# [Data records]
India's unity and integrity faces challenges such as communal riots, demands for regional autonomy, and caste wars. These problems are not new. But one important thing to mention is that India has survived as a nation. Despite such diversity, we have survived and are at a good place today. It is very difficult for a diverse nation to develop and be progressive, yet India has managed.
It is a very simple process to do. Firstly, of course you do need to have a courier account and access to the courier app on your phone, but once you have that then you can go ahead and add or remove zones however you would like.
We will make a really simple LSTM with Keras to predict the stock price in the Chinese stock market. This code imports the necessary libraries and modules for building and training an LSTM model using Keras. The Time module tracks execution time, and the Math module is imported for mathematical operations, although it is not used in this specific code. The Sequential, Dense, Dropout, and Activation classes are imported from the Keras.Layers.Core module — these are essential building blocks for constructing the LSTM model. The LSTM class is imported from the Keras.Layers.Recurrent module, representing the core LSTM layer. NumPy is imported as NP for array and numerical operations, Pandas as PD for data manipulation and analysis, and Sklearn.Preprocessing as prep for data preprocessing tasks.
* * *
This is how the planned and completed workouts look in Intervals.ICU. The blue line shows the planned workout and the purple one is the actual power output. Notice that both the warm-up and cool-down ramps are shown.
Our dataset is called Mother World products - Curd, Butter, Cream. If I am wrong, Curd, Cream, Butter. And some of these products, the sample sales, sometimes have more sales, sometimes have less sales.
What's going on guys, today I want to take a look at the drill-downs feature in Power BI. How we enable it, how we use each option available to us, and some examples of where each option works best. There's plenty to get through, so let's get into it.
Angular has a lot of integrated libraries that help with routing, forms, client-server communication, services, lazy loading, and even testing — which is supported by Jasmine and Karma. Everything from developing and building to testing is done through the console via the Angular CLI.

# [Assignment]
Output the lines above between the one holding "What's going on" and the one holding "Angular has a", inclusive, with nothing before or after them.

# [Response area]
What's going on guys, today I want to take a look at the drill-downs feature in Power BI. How we enable it, how we use each option available to us, and some examples of where each option works best. There's plenty to get through, so let's get into it.
Angular has a lot of integrated libraries that help with routing, forms, client-server communication, services, lazy loading, and even testing — which is supported by Jasmine and Karma. Everything from developing and building to testing is done through the console via the Angular CLI.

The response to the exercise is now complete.